India’s multibillion dollar semiconductor push needs military backing

India can differentiate itself from its competition by offering a sovereign guarantee to moving supply chains through military commitments as far as India-centric backward and forward linkages are concerned

India’s inability to understand its own power resonates well with the age-old ‘elephant rope story’. The story is about the chance encounter between a person and a fully-grown elephant, restrained by a puny rope. The person is informed that though the rope appears inconsequential, for the elephant it is a formidable restraint. The reason why the elephant does not merely walk away, breaking the rope in the process, is because from a very early age the animal is conditioned to believe that it cannot break the very shackles that bind it.

India’s $10 billion subsidy plan (under a PLI scheme), unveiled on December 15 in a bid to attract semi-conductor supply chains away from China, reeks a similar level of a lack of conviction, and strategic intent. Instead of aggressively pursuing its goals, and officially announcing its intent to be a rival to China, India is competing with smaller nations on a purely commercial basis. This line of thinking can be disastrous, given the urgency of the matter, and the fact that the future belongs to those who control the semi-conductor supply chain.

The belief is that India is a large consumer market that offers unrivalled growth potential to investors, looking at sustained earnings over a long-term horizon. Therefore, in the wisdom of our policy makers, consumer base and economic potential are perhaps the only variables deemed important from a strategic viewpoint. Over the next few years, the expectation is that India will attract commitments worth a couple of billion, netting India some of the business, which is also pursued by rival ASEAN member states. From a tactical perspective, the plan appears to be inadequate.

Like the restrained elephant, India’s disregard for its own stature is astonishing, as it competes with comparably inconsequential military and economic nation states. As a country of nearly 1.4 billion people (compared to ASEAN’s 0.6 billion people), India’s economy is just a speck lower than the bloc’s combined nominal GDP. Nevertheless, India chooses to compete with these smaller nations at their terms, instead of dictating its own. Additionally, to India’s disadvantage, supply chain moves are expensive, and given our poor infrastructure, investment justification in the form of long drawn discounted cash flow statements is often rendered prohibitive.

The only way India can differentiate itself from its competition is by offering a sovereign guarantee to moving supply chains through military commitments as far as India-centric backward and forward linkages are concerned. Our policy makers must realise that at its command India possesses the world’s fourth-most powerful, nuclear-armed military force. With such capabilities, India must quit acting like a docile, vulnerable and ‘also-ran’ nation dependent on alms offered by the bigger powers. Instead, India must actively stake its claim on semi-conductor supply chains with full involvement of its civil-military complex, and offer semi-conductor majors and their respective governments a viable alternative.

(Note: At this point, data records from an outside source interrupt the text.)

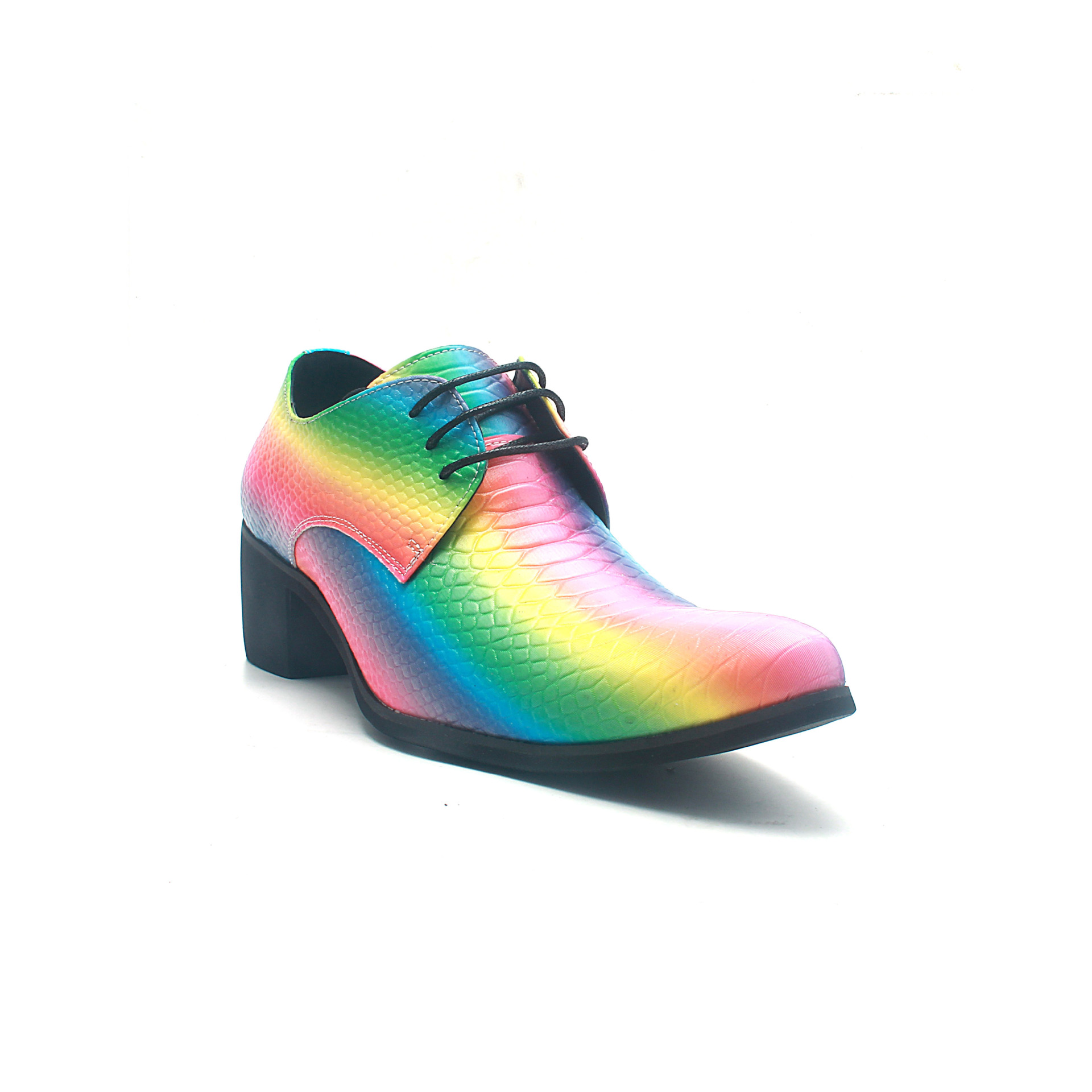 2025�＾Ӣ�׼�Լʱ�аٴ�������Ь�ʺ�ɫϵ��Ь1364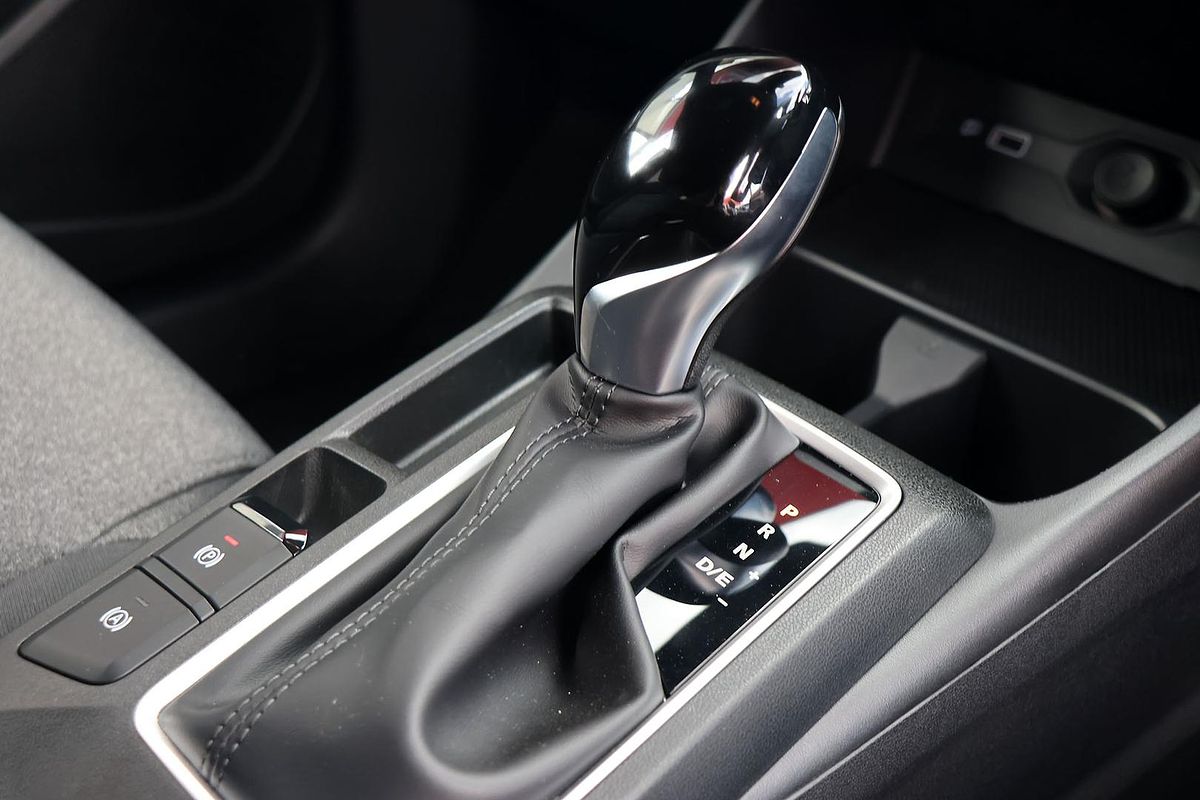 2025 MG MG3 Excite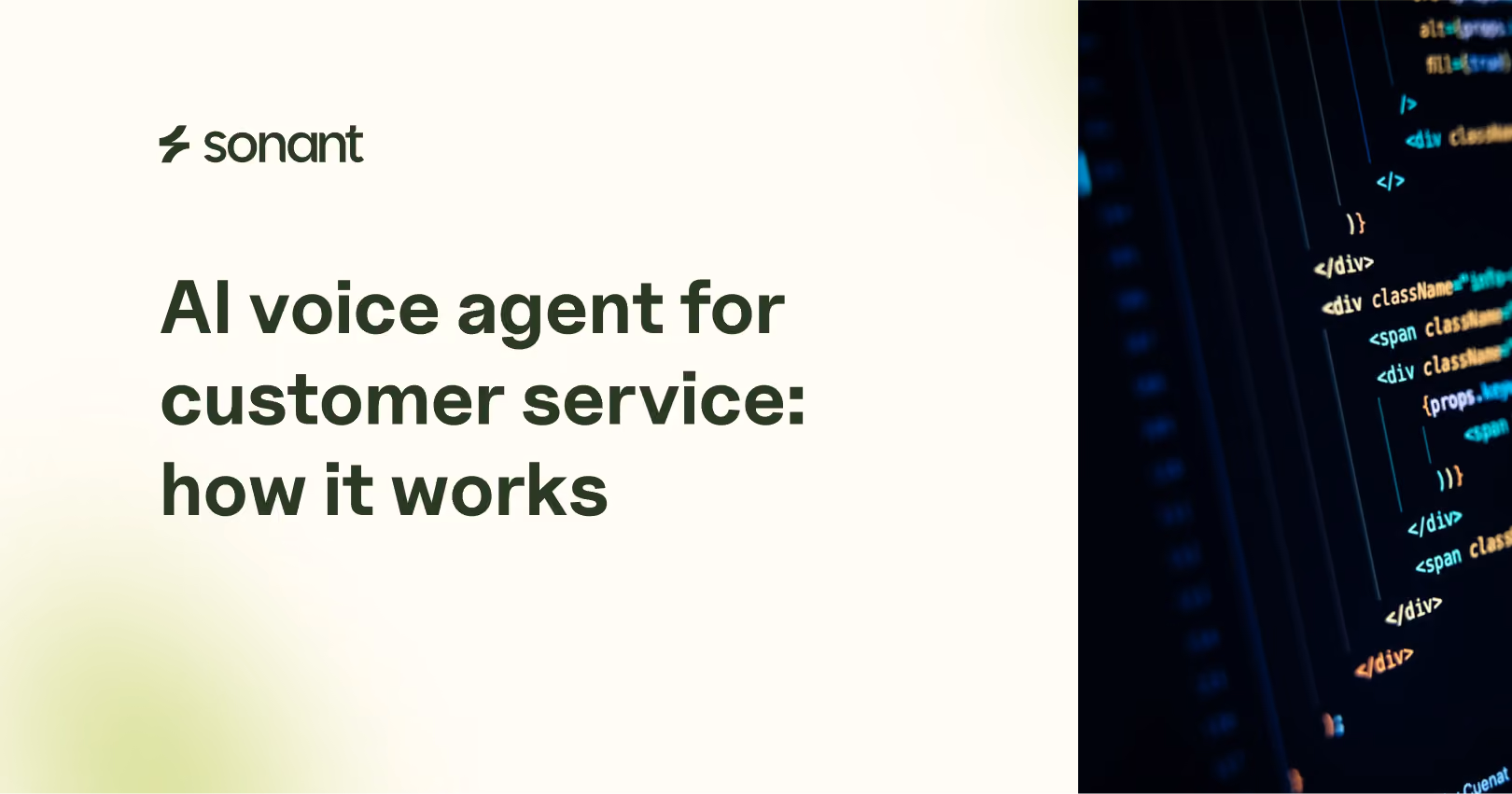 Section titled 'Integrated with the tools you use' showcasing agency management systems Momentum, EZLynx, QQCatalyst, and HawkSoft with brief descriptions and learn more links.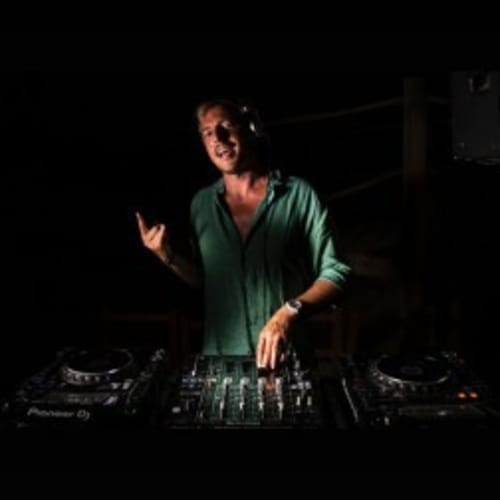 Tom Costino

As China-driven hostilities grow in the Taiwanese Strait, and the Strait of Malacca (primary nodes of the semiconductor supply chain), India must commit its significant naval assets to safeguard the interests of partners. This also includes the official backing of the Taiwan cause. This could mean the permanent positioning of a Carrier Battle Group (CBG) at INS Jarawa Joint Command Base, Andaman and Nicobar Islands. Along with the deployment of nuclear attack submarines (SSBNs), the presence of a CBG with its full complement, will make India the official gatekeeper to the Indian Ocean. The presence of such a fleet at the mouth of the Malacca Strait will also allow the Indian Navy quick deployments in the Sulu Sea, accessing the East China Sea swiftly. An opportunity towards this end will present itself in H2, 2022, with the commissioning of INS Vikrant, India’s second aircraft carrier.

Such a move will give confidence to semiconductor majors that their interests are secure, making India a dependable military, and economic partner. India must realise that if it is serious about its play on the global stage, it must not shy away from involving its military might. Given India’s ambition to be a global power, the days of passive military postures are over.

Of course, these military overtures will antagonise China, and may invite its support to its “all weather friend” Pakistan. As it is China, with its border incursions (such as in Arunachal Pradesh), military aggression (as seen at Galwan Valley), and economic pressure (China’s string of pearls), is not adopting a favourable approach towards India. Beijing’s policies are increasingly making it clear that peaceful co-existence is a luxury that’s no longer available.

It is time for India to act like a power and orient its industrial and high-tech economy to create military offensive capabilities at an accelerated rate. History shows that countries have attained economic supremacy with military backing. China understands and acts upon this thought; India must not waste its time contemplating.